After the midbass driver + lowpass crossover auditions satisfactorily, then I design the highpass filter for the tweeter, designing it to phase-match the already-existing midbass driver + crossover. I've found that crossover colorations can be masked when the tweeter is turned on, but are readily audible when listening to the midbass + crossover alone - this exposes midrange colorations of conventional 3rd and 4th-order filters, for example.


It's late in Ohio. We had friends over for music and cheers - there is a lot here I want to address and I type with two fingers and a thumb- I mean a lot! sooo I'll be back

Later
 
Thanks, Magnetar, for all your contributions - much appreciated. I come out of the Laurie Fincham/D.E.L. Shorter KEF/BBC school of design, so I don't design crossovers in the same way as either Altec/JBL old-timers or the modern throw-it-in-the-simulator approach. I optimize for low coloration (using subjective pink-noise assessment) and smoothest possible phase transfer between drivers.

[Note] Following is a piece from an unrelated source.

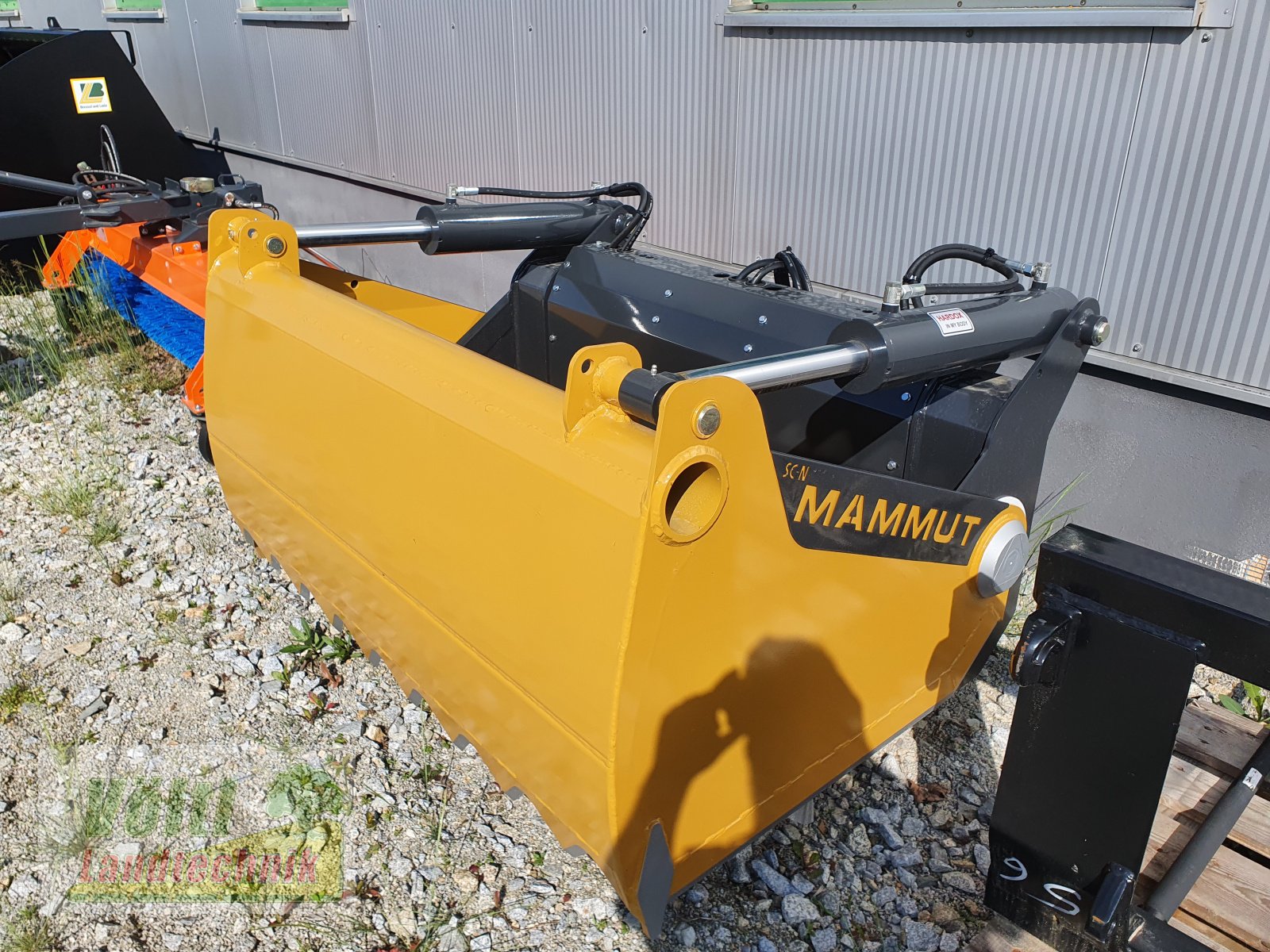 Siloentnahmegerät & Verteilgerät des Typs Mammut SB 195M, Neumaschine in Hutthurm bei Passau (Bild 5)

A secondary goal of this system is taking advantage of the floor image with a close-to-floor driver, a widerange driver close to ear height, and a transitional driver midway between the two. This dictates a minimum of three drivers, with an option of four drivers (two of them close to the floor). The only true crossover is between the tweeter (most likely a RAAL ribbon) and the widerange driver.

The only function of the other drivers is to progressively increase the radiating area to offset the inherent dipole loss in efficiency. These drivers use cascaded low-pass filters to just offset the losses of the wideband driver for frequencies below 200~250 Hz. Net result, 99~100 dB/metre efficiency from 80 Hz to 20 kHz, with a monopole subwoofer below that.
 
Lynn Olson said:


I'll second the question - which compression drivers are these?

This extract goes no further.